Miljenko Kovačić

Personal information
- Date of birth: 19 March 1973
- Place of birth: Zagreb, SR Croatia, SFR Yugoslavia
- Date of death: 20 August 2005 (aged 32)
- Place of death: Sveta Helena, Croatia
- Height: 1.81 m (5 ft 11+1⁄2 in)
- Position: Forward

Senior career*
- Years: Team / Apps / (Gls)
- 1993–1996: Croatia Zagreb / 26 / (7)
- 1996–1999: Brescia / 18 / (2)
- 2000–2001: PIK Vrbovec
- 2001–2003: Slaven Belupo / 57 / (14)
- 2003–2004: Hapoel Petah Tikva / 30 / (2)

= Miljenko Kovačić =

Croatian footballer

Miljenko Kovačić (19 March 1973 – 20 August 2005) was a Croatian football player.
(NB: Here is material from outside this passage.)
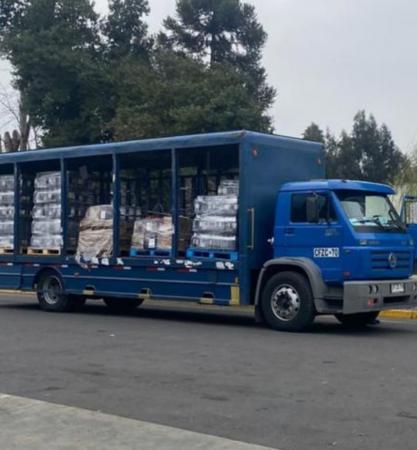 VENDO CAMION VOLKSWAGEN  WORKER 15-170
His nickname was "The Son of the Wind".

==Club career==
He played professionally for quite a few teams, most notably for Dinamo Zagreb with which he was part of the national championship victory in 1995–1996 and Brescia (Italy). Certain choices he made in his professional career were interesting, at one point he quit playing because of religious reasons (he was a member of the Hare Krishna religion) stating money being the root of evil and that he was content with what he had. This was a shock to his employer at the time, the professional Italian team Brescia. Kovačić did return to professional soccer briefly in 2001, but quit again in 2005 due to family reasons.

==Death==
He lost his life in a motorcycle accident in 2005.